- Opening Delimiter -
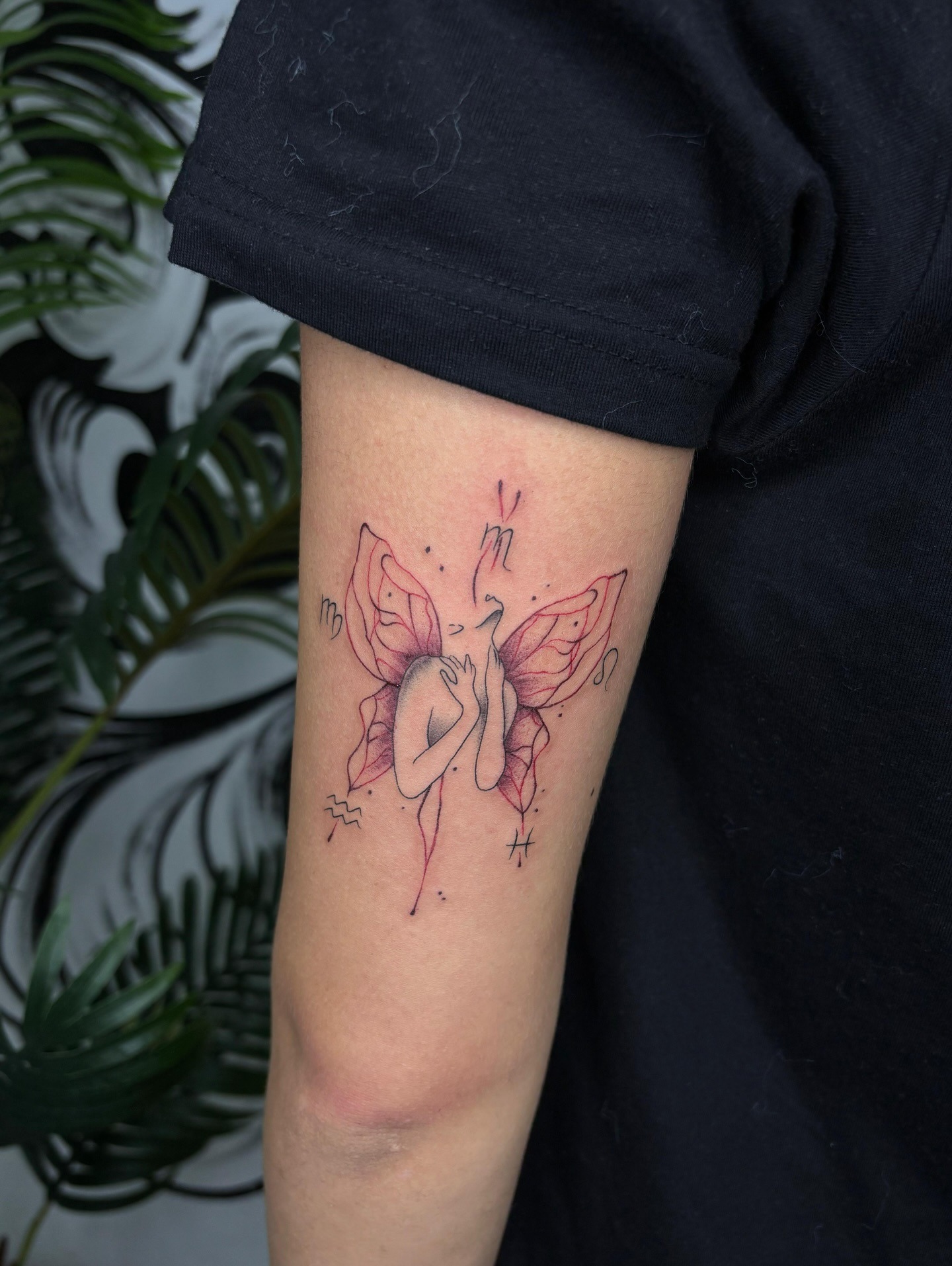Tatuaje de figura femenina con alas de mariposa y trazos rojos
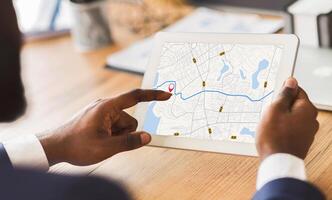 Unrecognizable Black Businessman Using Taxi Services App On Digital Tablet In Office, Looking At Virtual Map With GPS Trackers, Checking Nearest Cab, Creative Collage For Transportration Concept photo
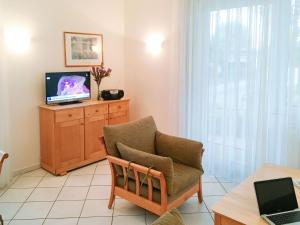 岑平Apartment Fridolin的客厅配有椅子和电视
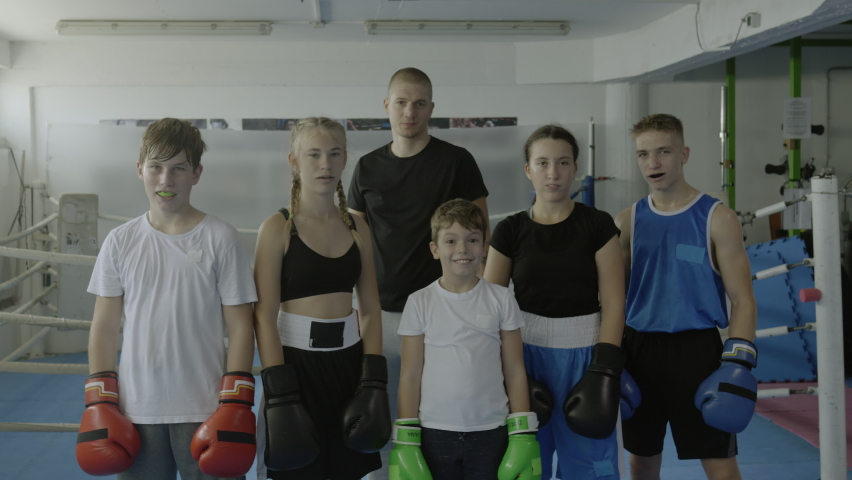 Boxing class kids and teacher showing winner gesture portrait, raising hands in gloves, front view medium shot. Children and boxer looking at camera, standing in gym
- Closing Delimiter -
_About this task_. Transcribe exactly the line that contains "岑平Apartment Fridolin的客厅配有椅子和电视" and each line after it through the end of the listing. Leave out the pictures.

_Written solution_.
 岑平Apartment Fridolin的客厅配有椅子和电视
 Boxing class kids and teacher showing winner gesture portrait, raising hands in gloves, front view medium shot. Children and boxer looking at camera, standing in gym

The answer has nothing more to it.